When We Believed in Mermaids by Barbara O’Neal begins with a dramatic moment—Kit sees her long-dead sister Josie on the television news, then begins a journey to explore the disasters which tore their family apart fifteen years ago. From California to New Zealand, secrets long buried have a way of making themselves known at last. Our reader found this novel extremely good, but noted that it dealt with very heavy subjects.

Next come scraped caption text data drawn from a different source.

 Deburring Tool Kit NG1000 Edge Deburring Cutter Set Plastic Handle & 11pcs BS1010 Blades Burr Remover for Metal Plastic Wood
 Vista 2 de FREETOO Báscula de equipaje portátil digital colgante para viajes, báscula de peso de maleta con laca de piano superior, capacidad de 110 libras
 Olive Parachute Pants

Continuing in fiction, this time with a historical bent, our next reader reported on The Lighthouse Keeper’s Daughter by Hazel Gaynor. Based on a true story, this novel begins in 1838 in Northumberland, England where Grace Darling helps her father tending the lighthouse. When they rescue shipwreck survivors, Grace becomes known and celebrated throughout the region. A century later, pregnant nineteen-year-old Matilda Emmerson is sent from Ireland to Rhode Island to stay with a distant relative, Harriet the Newport lighthouse keeper. The two stories are interwoven, making connections from the past to the future.

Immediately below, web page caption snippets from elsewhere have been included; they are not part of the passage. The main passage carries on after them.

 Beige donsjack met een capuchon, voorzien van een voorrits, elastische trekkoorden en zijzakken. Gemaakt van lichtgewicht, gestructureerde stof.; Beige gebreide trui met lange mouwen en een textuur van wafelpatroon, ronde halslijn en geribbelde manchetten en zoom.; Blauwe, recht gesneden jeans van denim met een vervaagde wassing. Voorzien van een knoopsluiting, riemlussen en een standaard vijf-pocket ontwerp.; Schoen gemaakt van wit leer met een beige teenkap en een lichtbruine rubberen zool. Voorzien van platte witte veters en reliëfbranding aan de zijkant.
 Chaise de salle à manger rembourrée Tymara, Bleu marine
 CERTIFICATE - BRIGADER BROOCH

A current memoir has been making the rounds at Nevermore, Tara Westover’s Educated. A story of a young woman who was raised in a mountain-top compound in Idaho by isolationist parents, the book has stayed in the bestseller charts for well over a year. Westover was homeschooled haphazardly and expected to perform dangerous tasks in her father’s junkyard, but developed a desire for the outside world and learning. From the scrap heaps to Brigham Young to Cambridge and beyond, Westover shows a determination and thirst for knowledge which impressed our readers.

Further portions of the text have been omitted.